Exercício da Advocacia
Exercício da Advocacia - Foto: Estoque PowerPoint

Atuação do advogado no processo civil

No âmbito do processo civil, a atuação do advogado está diretamente vinculada à apresentação de procuração que o habilite a representar o autor ou o réu, ou ainda um terceiro interessado. 

No entanto, o Código de Processo Civil, em seu artigo 104, prevê exceções específicas em que o advogado pode postular em juízo mesmo sem procuração, desde que a situação envolva urgência ou risco de perda de direitos.

Conforme o artigo 104, o advogado poderá atuar sem procuração apenas para evitar preclusão, decadência ou prescrição, ou ainda para praticar ato considerado urgente.

Ou seja, em situações em que a demora na atuação possa comprometer o direito da parte, o ordenamento jurídico permite que o profissional intervenha de forma imediata, mesmo sem estar formalmente constituído.

Contudo, essa atuação excepcional está condicionada à apresentação da procuração no prazo de 15 dias, conforme determina o parágrafo 1º do mesmo artigo de lei. 

Esse prazo pode ser prorrogado por igual período, desde que haja despacho do juiz autorizando a prorrogação. 

A exigência visa garantir que a atuação do advogado seja regularizada dentro de um tempo razoável, preservando a segurança jurídica do processo.

Caso a procuração não seja apresentada dentro do prazo legal, o ato praticado será considerado ineficaz em relação à parte em nome da qual foi realizado. 

Essa situação de considerar o ato praticado ineficaz, na ausência de procuração, é o que estabelece o parágrafo 2º do artigo 104, do Código de Processo Civil. 

Nessa hipótese, o advogado poderá ser responsabilizado pelas despesas processuais e por eventuais perdas e danos decorrentes da atuação irregular. 

Isso reforça a importância de que, mesmo diante de urgência, o profissional tenha o compromisso de formalizar sua representação o quanto antes.

Em resumo, o Código de Processo Civil admite a atuação do advogado sem procuração apenas em situações excepcionais, com o objetivo de proteger direitos que poderiam ser perdidos pela inércia processual; assumindo, o advogado, as consequências dos atos praticados sem o cumprimento das ordens da lei.

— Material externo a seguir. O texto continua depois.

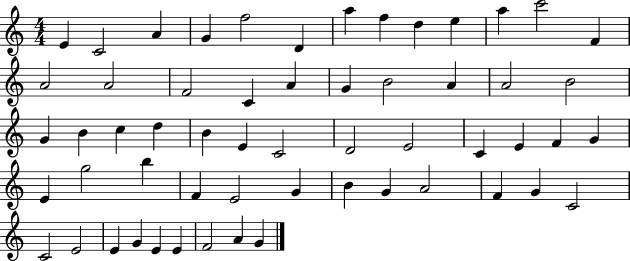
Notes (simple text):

E4/q C4/h A4/q G4/q F5/h D4/q A5/q F5/q D5/q E5/q A5/q C6/h F4/q A4/h A4/h F4/h C4/q A4/q G4/q B4/h A4/q A4/h B4/h G4/q B4/q C5/q D5/q B4/q E4/q C4/h D4/h E4/h C4/q E4/q F4/q G4/q E4/q G5/h B5/q F4/q E4/h G4/q B4/q G4/q A4/h F4/q G4/q C4/h C4/h E4/h E4/q G4/q E4/q E4/q F4/h A4/q G4/q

Finalidade dessa publicação

O propósito central desta publicação é proporcionar uma compreensão acessível e detalhada sobre o tema aqui tratado. 

O foco é, por meio de uma linguagem clara e objetiva, esclarecer os principais aspectos desse procedimento jurídico, destacando sua importância, requisitos e possíveis implicações legais. 

Dessa forma, pretende-se contribuir para a disseminação de conhecimento jurídico, permitindo que interessados no tema possam se informar de maneira precisa e confiável.

A divulgação do conhecimento jurídico desempenha um papel fundamental na construção de uma sociedade mais justa e informada.

Quando informações legais são acessíveis e compreensíveis, os cidadãos passam a conhecer seus direitos e deveres, evitando injustiças e prevenindo conflitos. 

Além disso, o conhecimento jurídico democratiza o acesso à justiça, reduzindo a dependência exclusiva de profissionais da área e possibilitando que indivíduos tomem decisões mais conscientes. 

Por fim, a educação jurídica é um meio eficaz de empoderamento social. Ela incentiva debates sobre direitos fundamentais, políticas públicas e ética, fomentando uma participação mais ativa na construção de um ambiente democrático. 

Quanto maior for a circulação de conhecimento sobre o direito, mais preparada estará a sociedade para enfrentar desafios e promover a justiça de forma equitativa e acessível.